Web page caption snippets
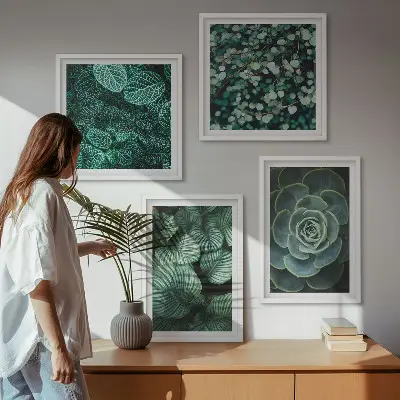 Set posters met lijst Groene sappige bladeren set posters met lijst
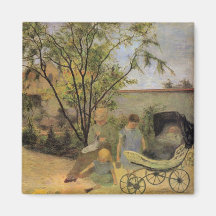 Jardin dans la rue Carcel - Paul Gauguin Magnets Pour Réfrigérateur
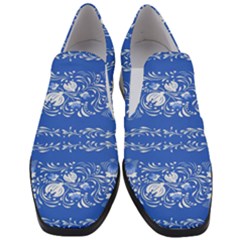 Blue flowers Women Slip On Heel Loafers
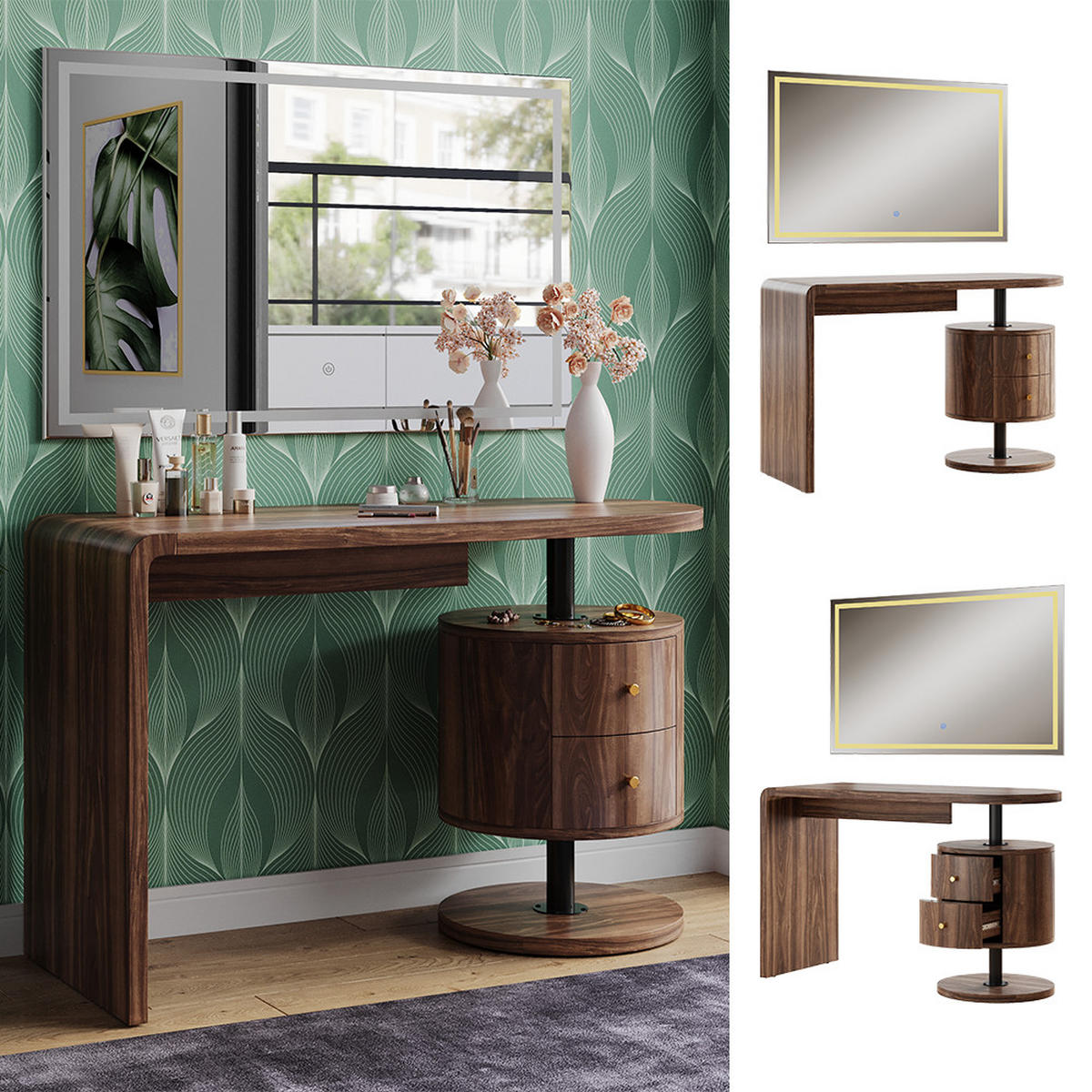 SCHMINKTISCH Lara Eiche rustikal 120 cm mit LED-Spiegel - Wildeiche, Holzwerkstoff (120/76/50cm) - Vicco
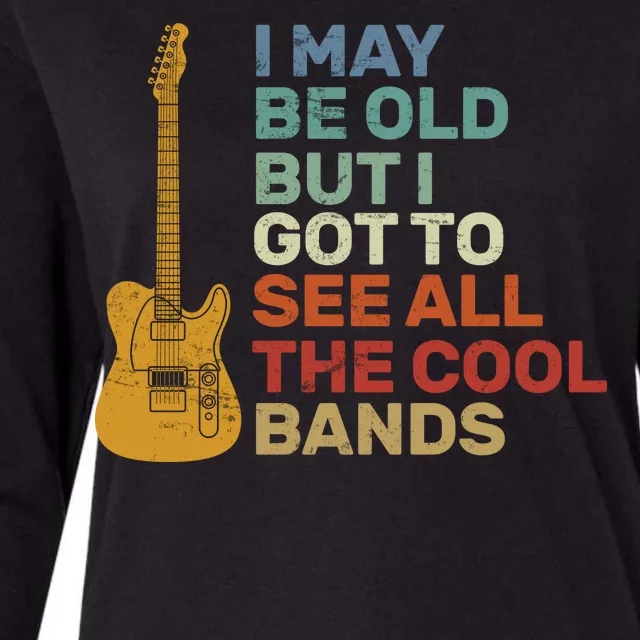 Old Guitarist The Cool Bands Womens Cotton Relaxed Long Sleeve T-Shirt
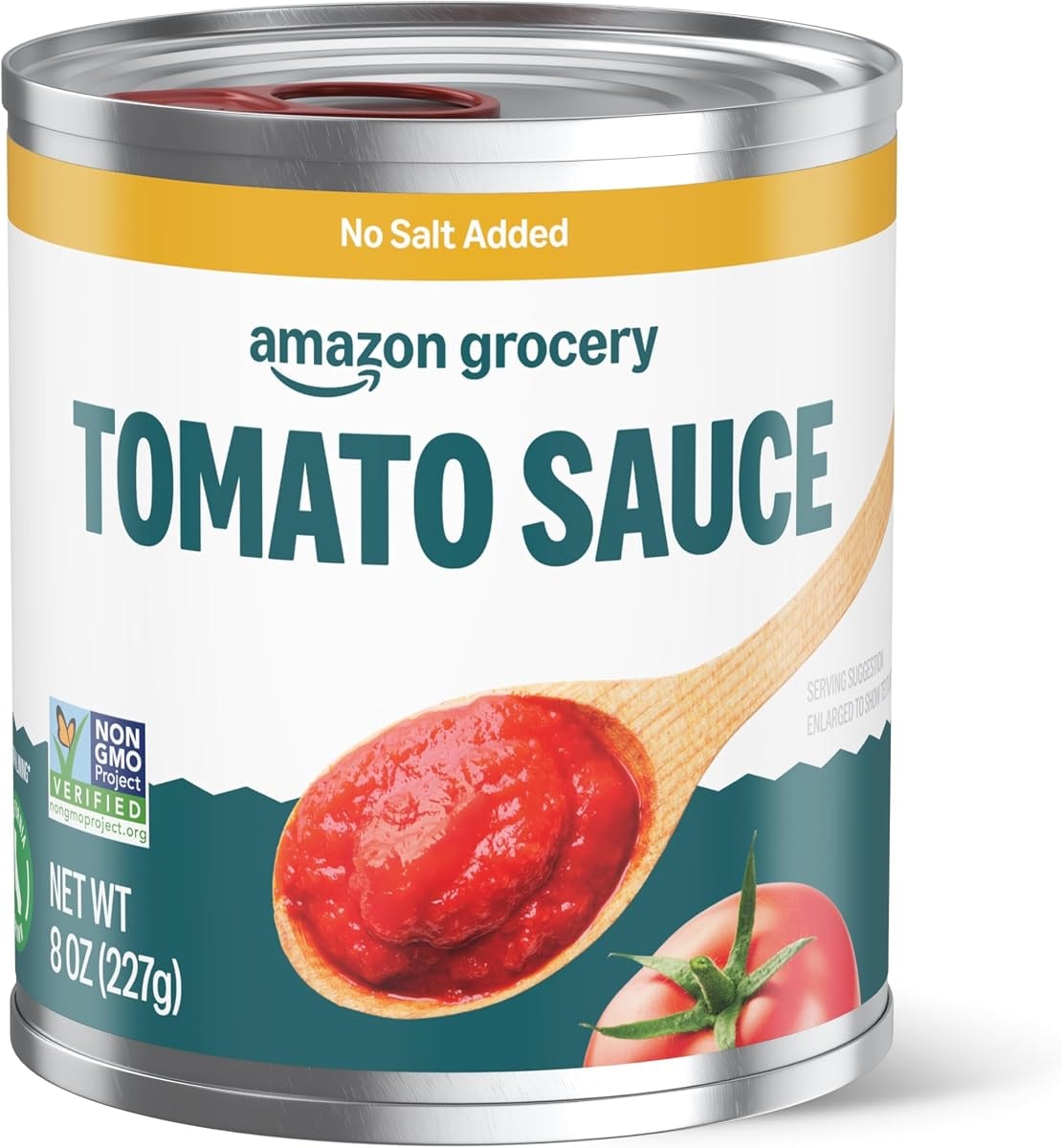 Amazon Fresh, Tomato Sauce, No Salt Added, 8 Oz (Previously Happy Belly, Packaging May Vary)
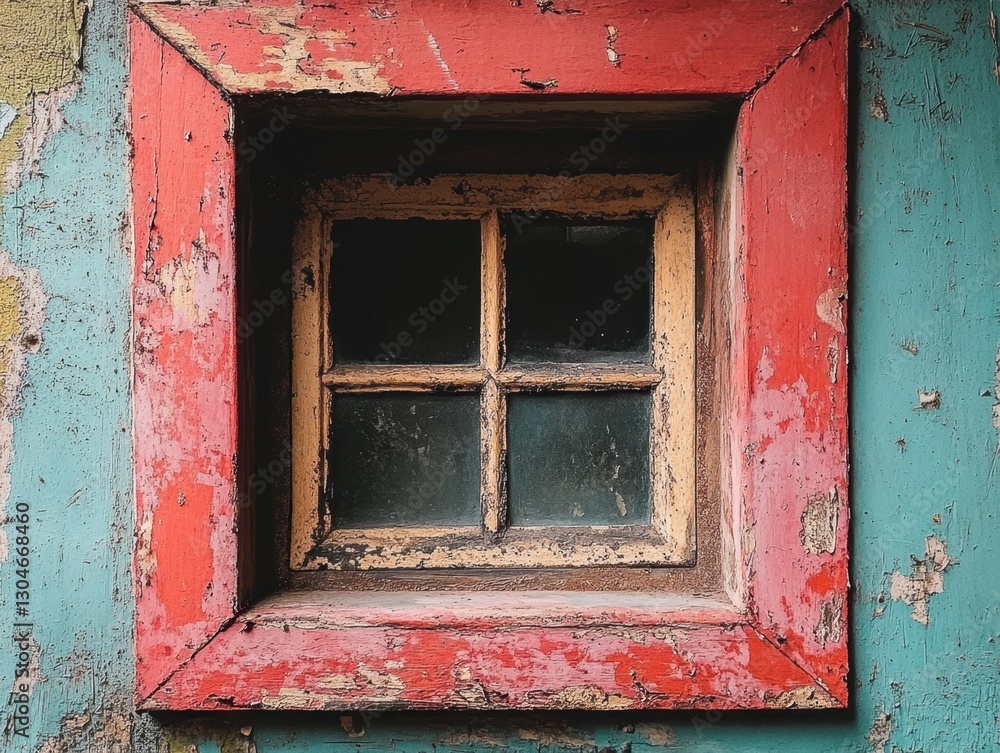 Poster rustic window frame with peeling paint a captivating study in texture color and architectural detail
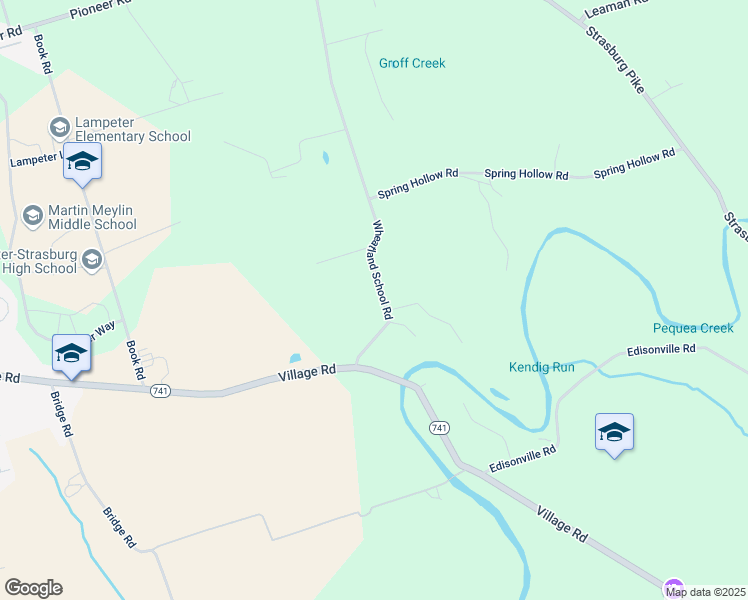 map of restaurants, bars, coffee shops, grocery stores, and more near 1712 Wheatland School Road in Lancaster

- [Task prompt]
Repeat each entry above exactly. Omit the pictures.

- [Reply]
 Set posters met lijst Groene sappige bladeren set posters met lijst
 Jardin dans la rue Carcel - Paul Gauguin Magnets Pour Réfrigérateur
 Blue flowers Women Slip On Heel Loafers
 SCHMINKTISCH Lara Eiche rustikal 120 cm mit LED-Spiegel - Wildeiche, Holzwerkstoff (120/76/50cm) - Vicco
 Old Guitarist The Cool Bands Womens Cotton Relaxed Long Sleeve T-Shirt
 Amazon Fresh, Tomato Sauce, No Salt Added, 8 Oz (Previously Happy Belly, Packaging May Vary)
 Poster rustic window frame with peeling paint a captivating study in texture color and architectural detail
 map of restaurants, bars, coffee shops, grocery stores, and more near 1712 Wheatland School Road in Lancaster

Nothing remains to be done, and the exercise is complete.